I started blogging my book Accidental Soldier: A Memoir of Service and Sacrifice in the Israel Defense Forces before I knew it was going to be a book. This was at the time when blogging your book suddenly had mass appeal. I loved writing, but at the time, I wasn't quite convinced of the benefits of blogging.
Once I took a few memoir courses, I turned to the next outlet -- blogging. Because blogging requires an "outer" type voice, I needed to feel comfortable sharing my story online. Over time, I started learning how to engage my audience and in doing so, I created a following.
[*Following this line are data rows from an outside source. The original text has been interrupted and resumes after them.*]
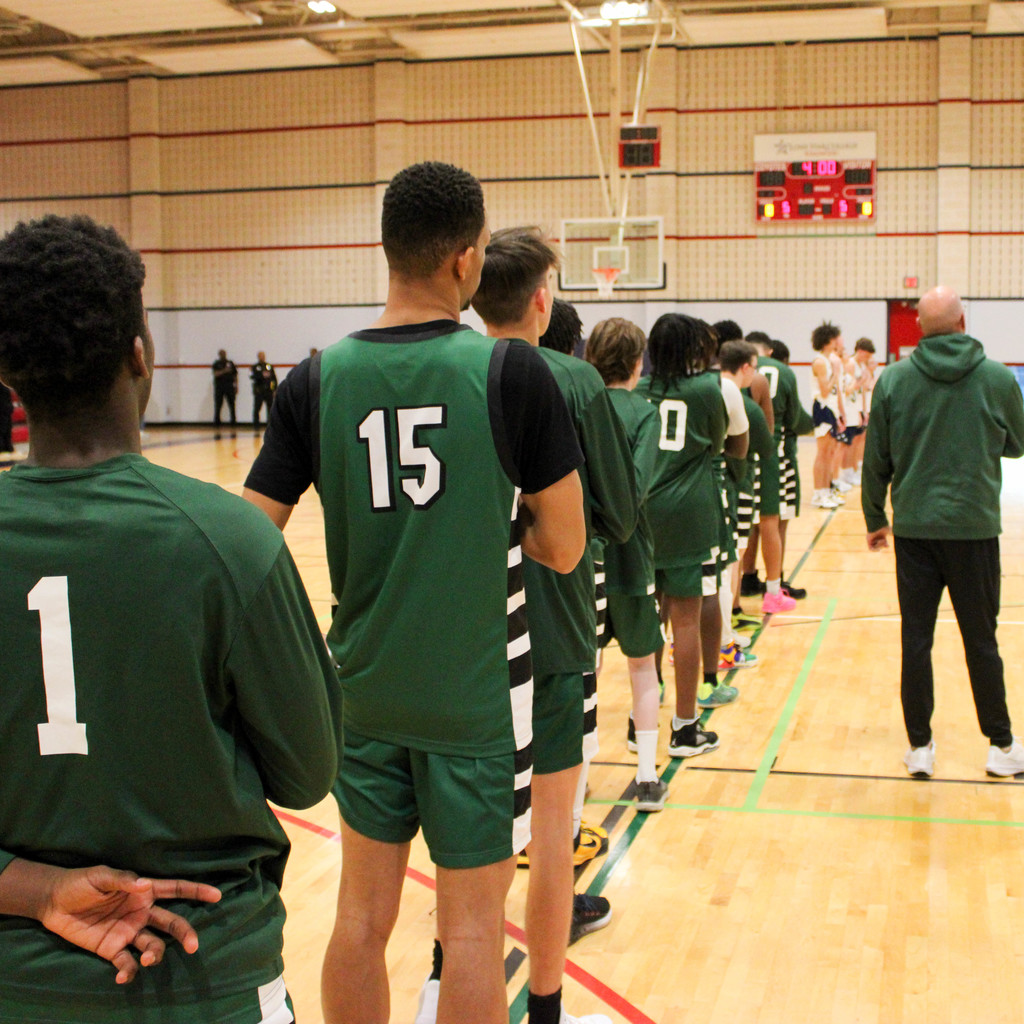 Team lines up for the National Anthem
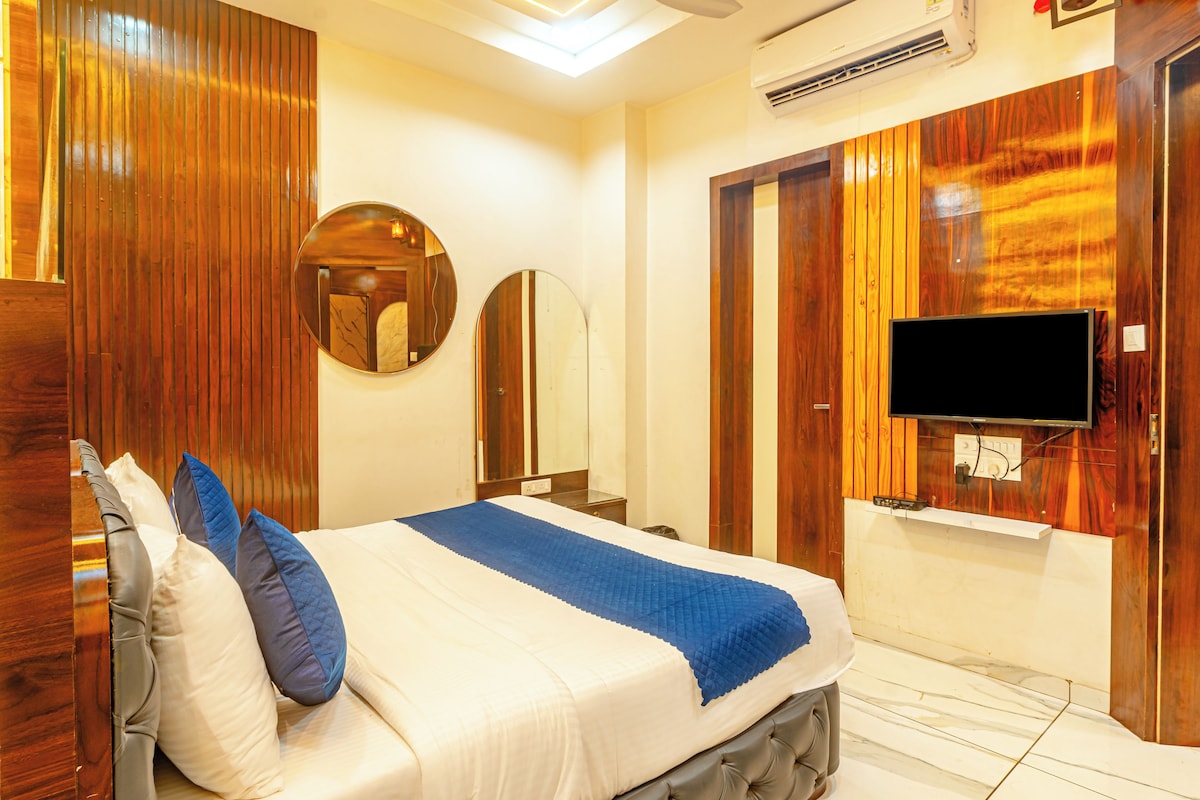 Una habitación de hotel con una cama, un televisor montado en la pared y un ventilador de techo.
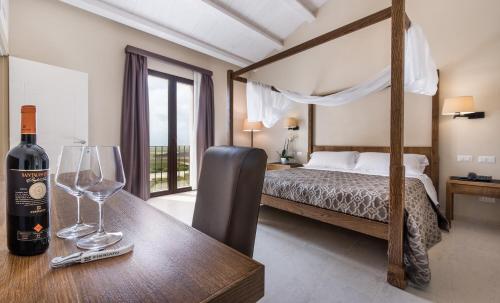 1 dormitorio con 1 cama y 1 mesa con copas de vino en Firriato Hospitality - Baglio Sorìa, en Trapani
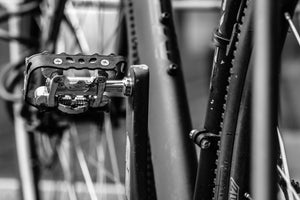 Black-and-white close-up of a clipless mountain bike pedal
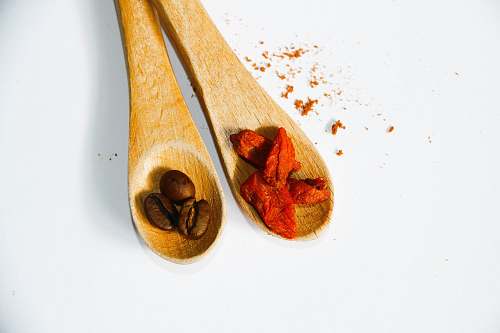 bean coffee beans on brown wooden spoon flora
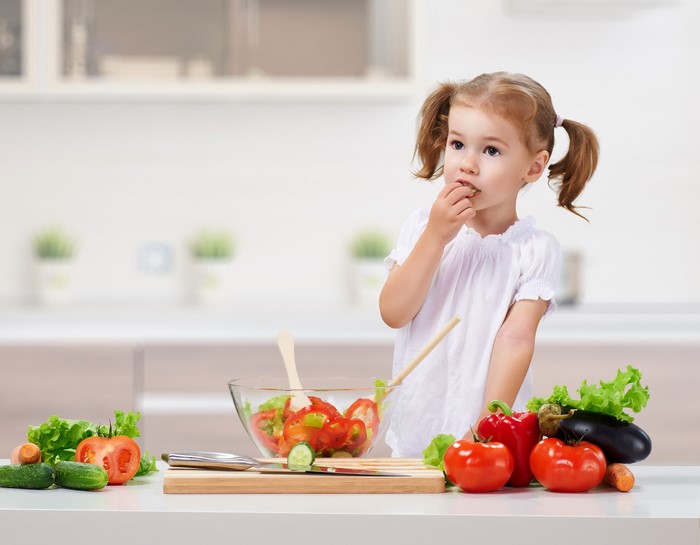 Little girl eating salad in kitchen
I tried blogging my book at least three times a week. Then, I blogged just once a week. And when I got back into the blogging swing, I found there was still an engaged readership but a much smaller one. Once the contract for the book was signed, I still kept all the original blog posts because I still believe those blog posts have value. I still blog the themes and lessons of my memoir. Here are seven very important lessons I learned from that two year blogging experience:
1. Don't wait until your book is perfect to start blogging. Many writers get trapped in "perfection paralysis" which means they'll usually wait until their book is perfect before they start blogging. The danger with this mindset is that there will always be a reason not to blog. A book is a constant work in progress and there's no "right" or "wrong" time to blog but the general rule of thumb is to start blogging as soon as you feel comfortable with your story knowing that it will develop over time.
2. Stick to a blogging schedule. When your readers find that you've been off the grid for a while, they start losing interest. Whether you're blogging once a week or every other day, your readers want to see consistency. If you're blogging to snatch a book deal, publishers, too, want to see that you're serious about establishing an online presence.
3. Think how the themes of your posts can appeal to a wider audience. One of the great benefits of blogging is that you develop tremendous clarity about who you are blogging for and what you are blogging about. As you're writing, ask yourself, "how does this post support a bigger theme of my book?"
4. Don't be afraid to share relevant snippets of your story but don't share chapters. Reading through text can be tedious and your average online reader doesn't have time for it. Instead, use short story snippets to highlight points you are making.
5. To increase online engagement, tie in the themes of your book with timely newsy events. Is there a new trend or craze that's particularly hot right now such as a food or travel issue? Can you tap into what is happening in the news today -- a specific current event?
6. Use good copywriting techniques to sustain engagement. Print and online are two vastly different formats. Reading an author's blog is different than reading that same version in print. Bold your subtitles, bullet points, use shorter paragraphs (2-3 lines work best) and don't forget to include keywords anchored in SEO. (Search Engine Optimization)
7. Use images and videos. The posts that had gotten the most reads from my website had compelling images and videos. The key is to use the right image or video that effectively compliments the text.
While it takes great courage to blog, all too often this fear of suddenly being known and exposed causes bloggers to freeze up. But truthfully, your online readers are seeking connection.
There have been many bloggers who have gotten book deals, expanded their readership and increased their online visibility all due to blogging efforts. But the most important thing is to have fun and enjoy blogging your book.